Un "bidonville à la verticale": amende et prison requis contre deux marchands de sommeil
Huit mille euros d'amende et six mois de prison, pour l'un avec sursis, pour l'autre ferme en raison de précédentes condamnations, ont été requis contre deux propriétaires pour avoir perçu des loyers malgré un arrêté de péril frappant une copropriété dégradée de Marseille, qualifiée de "bidonville à la verticale".
Les deux propriétaires de studios du Gyptis, une ancienne résidence universitaire de 259 logements qui a connu à partir de 2018 une descente aux enfers avant d'être transformée en point de vente de stupéfiants, ont contesté avoir eu connaissance de l'arrêté de mise en sécurité concernant les parties communes signé le 22 février 2022.
Dans cet immeuble, totalement évacué en mars 2023, les fuites d'eau étaient nombreuses en raison de détériorations par des squatteurs et l'installation électrique très dégradée, câbles à nu ou coupe-circuits remplacés par du papier d'aluminium.
68 interventions des marins-pompiers
La présidente du tribunal correctionnel a évoqué 68 interventions des marins-pompiers sur une courte période, notamment pour 16 incendies. Un propriétaire vivant au Maroc a renvoyé sur le gérant de son studio de 28 m², acheté 29.650 euros en mars 2020, la responsabilité de l'encaissement indu des loyers durant la période couverte par l'arrêté de péril - février à novembre 2022. "Le gérant s'occupe de tout, de A à Z, et le syndic, je ne l'ai jamais vu", a expliqué ce Marocain qui avait acheté ce studio sans même le visiter.
Le représentant de l'agence immobilière, contre laquelle la procureure a réclamé une amende de 15.000 euros, a maintenu n'avoir jamais été informé de l'arrêté, l'exemplaire affiché sur l'immeuble ayant été très vite arraché par les trafiquants. L'autre propriétaire, qui avait acquis deux studios pour 60.000 euros, s'était entendu dire, en juin 2022, par un de ses locataires qu'il ne devait plus percevoir les loyers, mais avait néanmoins délivré une quittance pour le mois de juillet. "J'étais en Algérie, je ne regarde pas mes mails", a-t-il répondu, assurant aussi que l'arrêt du versement d'une partie du loyer par la CAF dès mars 22 ne l'avait pas alerté.
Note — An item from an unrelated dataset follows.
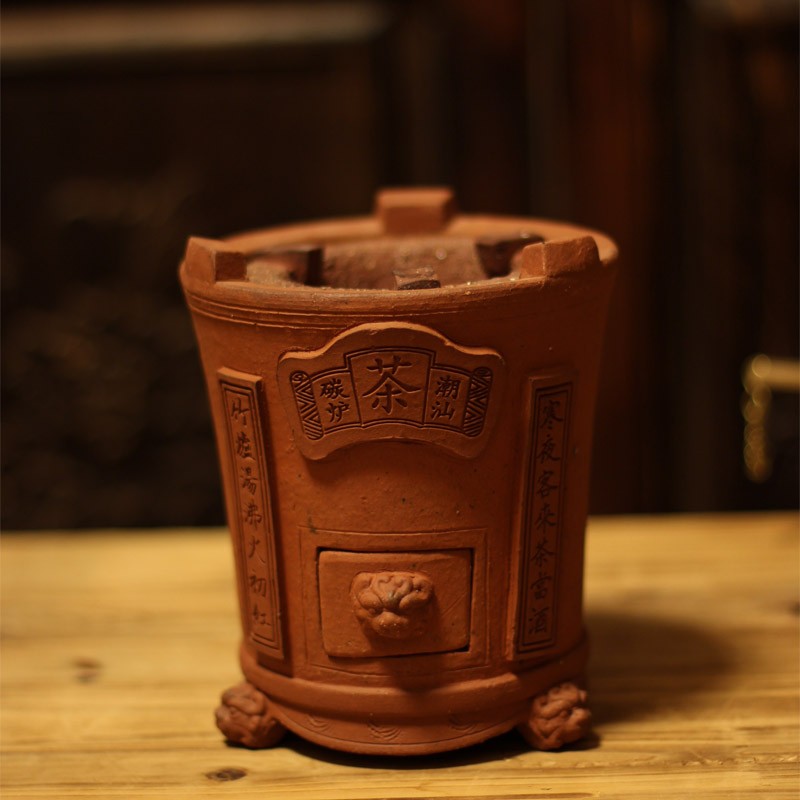 红泥电陶炭炉家用煮烹茶烧水陶土老式手工户外养生陶壶小风炉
Selon le syndic, les 187 copropriétaires avaient bien été informés de l'interdiction de percevoir les loyers. L'avocat de deux locataires, Me Aurélien Leroux, a réclamé le remboursement des loyers indûment encaissés et 5.000 euros de préjudice moral. La défense a plaidé une relaxe générale. Le jugement sera rendu le 1er juillet.